The groove capital of Brazil has a whole new vibe—thanks to pop sensation Carlinhos Brown. Bob Morris takes a tour with Bahia's man of the hour
His braids fly up as he pounds his drums. A brass section blasts, guitar players riff, and two women sing and shimmy. It's a hot November night in Brazil, and native son Carlinhos Brown is rehearsing for an upcoming concert in São Paulo to promote Brazilian literature. "I want to tell you wonderful things," Brown howls. "I want to tell you interesting things." His mix of Afro-Brazilian percussive beats, reggae, and rock shakes the studio in a city that is perhaps the largest center of African culture in the Americas: Salvador de Bahia.
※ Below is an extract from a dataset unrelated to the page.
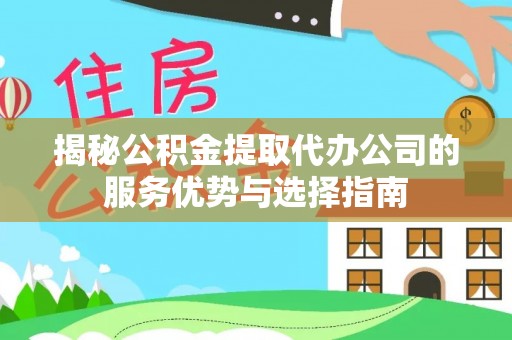 凯里揭秘公积金提取代办公司的服务优势与选择指南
The 39-year-old Brown is one of the biggest pop stars to emerge from Salvador, which has one of Brazil's most vibrant music scenes. In a single year, 30 of his songs topped his country's charts. He has played with such stars as Marisa Monte, Gilberto Gil, and Sergio Mendes, and has appeared in a slew of ads, from Honda to H. Stern jewelry. He's certainly no hunger artist. Yet he takes his responsibility as a role model very seriously. His lyrics are about everything from ending racism to practicing safe sex. But his concern for the poor of Salvador goes far beyond educating them in songs or speaking up for their welfare. He has actually revitalized one of their communities.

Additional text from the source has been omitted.